# YOUR ASSIGNMENT
Please write out exactly the line containing "شباهت موزاییک ۱۶۰۰" below and every line after it, through the last one, but leave out any pictures.

++++ DATA SEGMENT

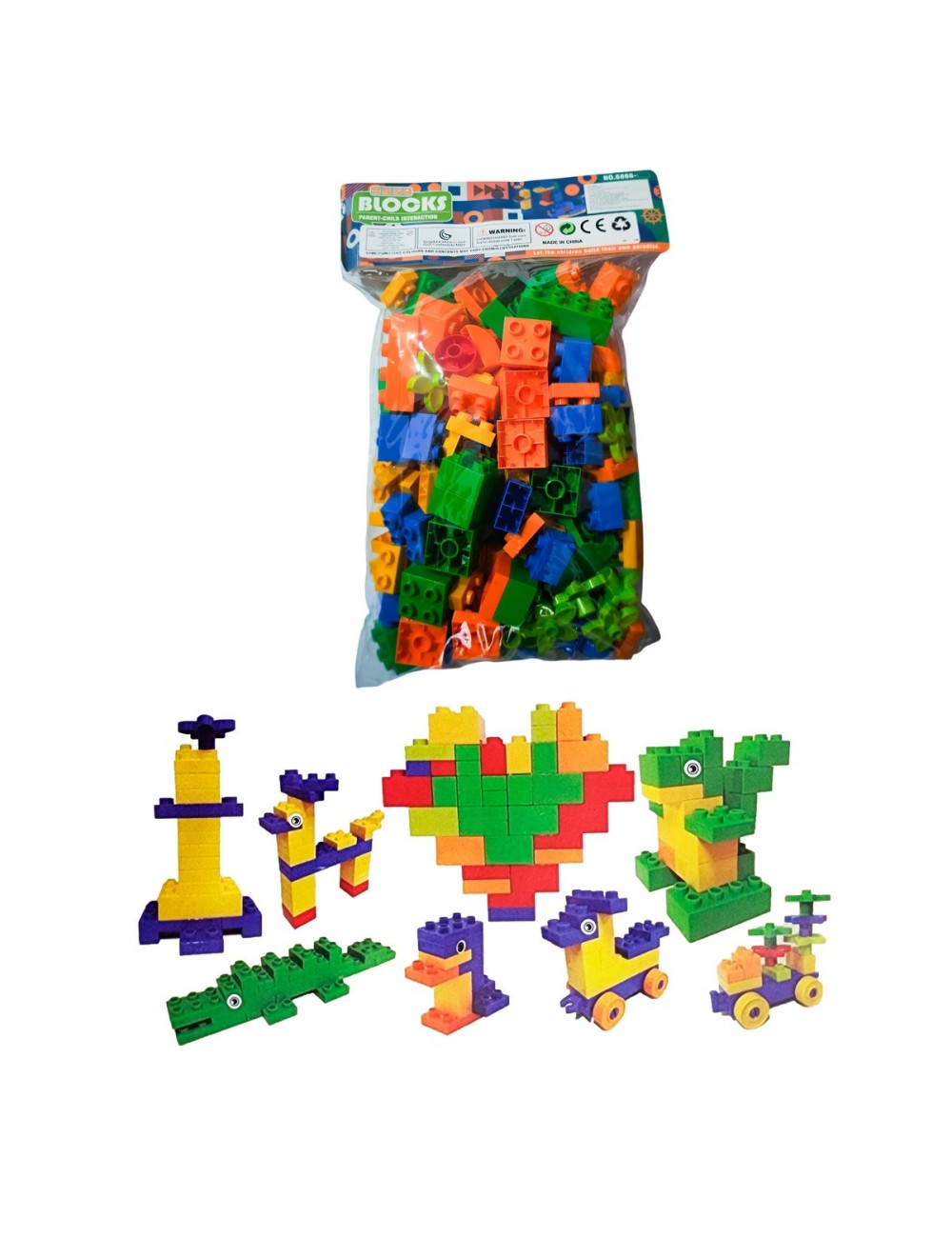 Bloques Figuras De Armado Juguete Interactivo Niño 52 Pcs
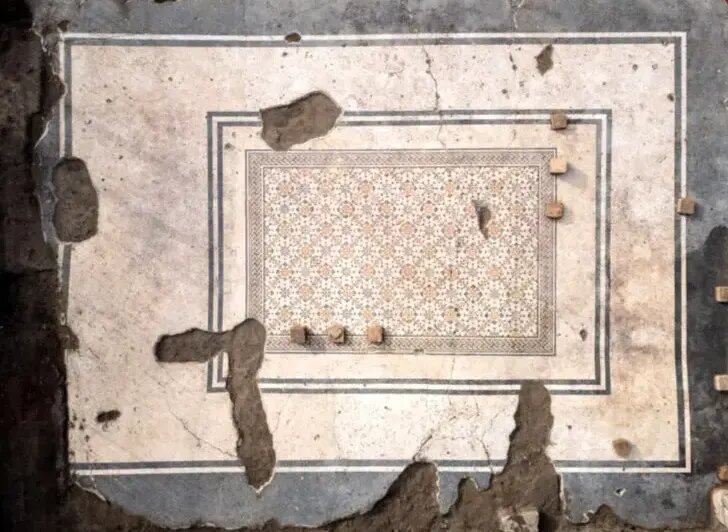 شباهت موزاییک ۱۶۰۰ سالۀ رومی به «فرش» | عکس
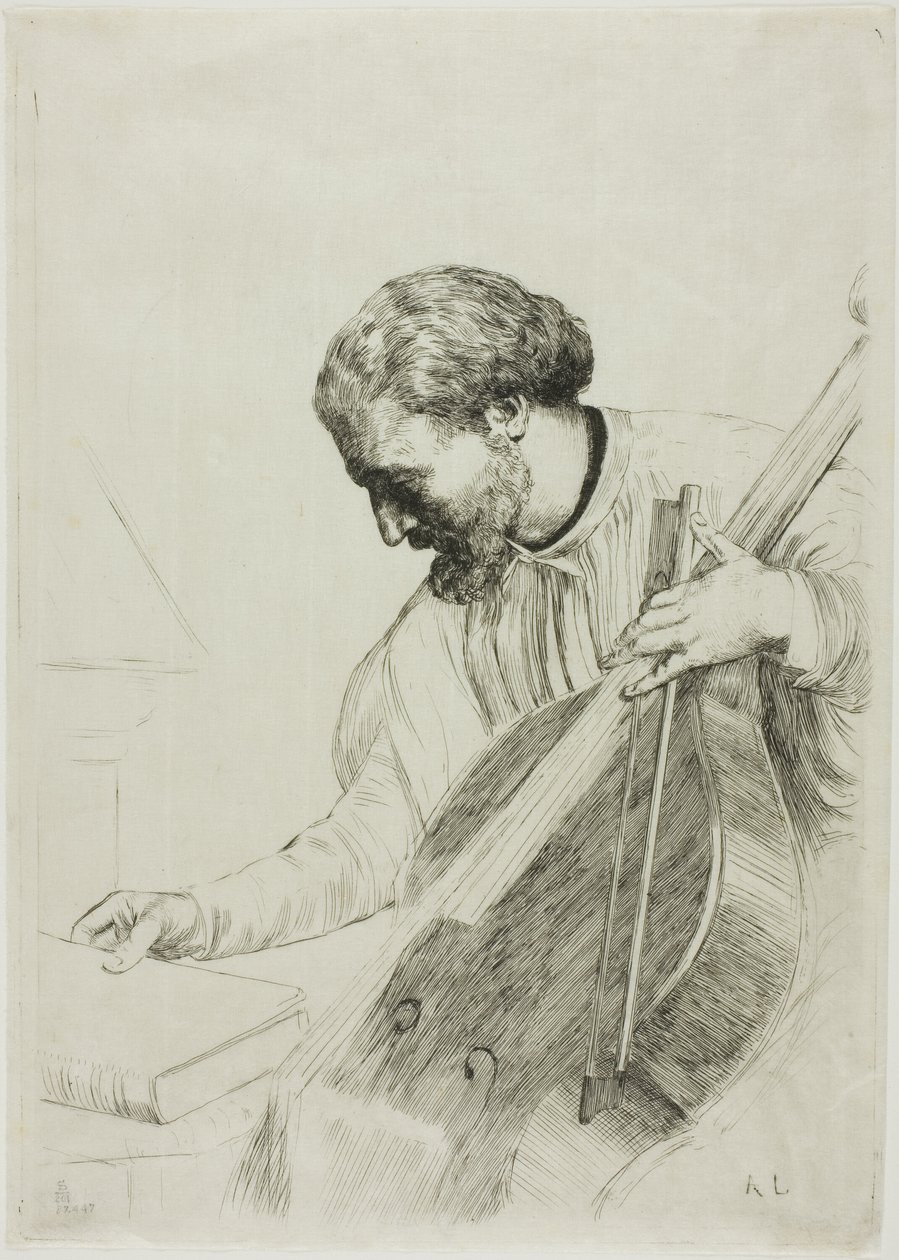 El contrabajista de Alphonse Legros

++++++++

# FINAL ANSWER
 شباهت موزاییک ۱۶۰۰ سالۀ رومی به «فرش» | عکس
 El contrabajista de Alphonse Legros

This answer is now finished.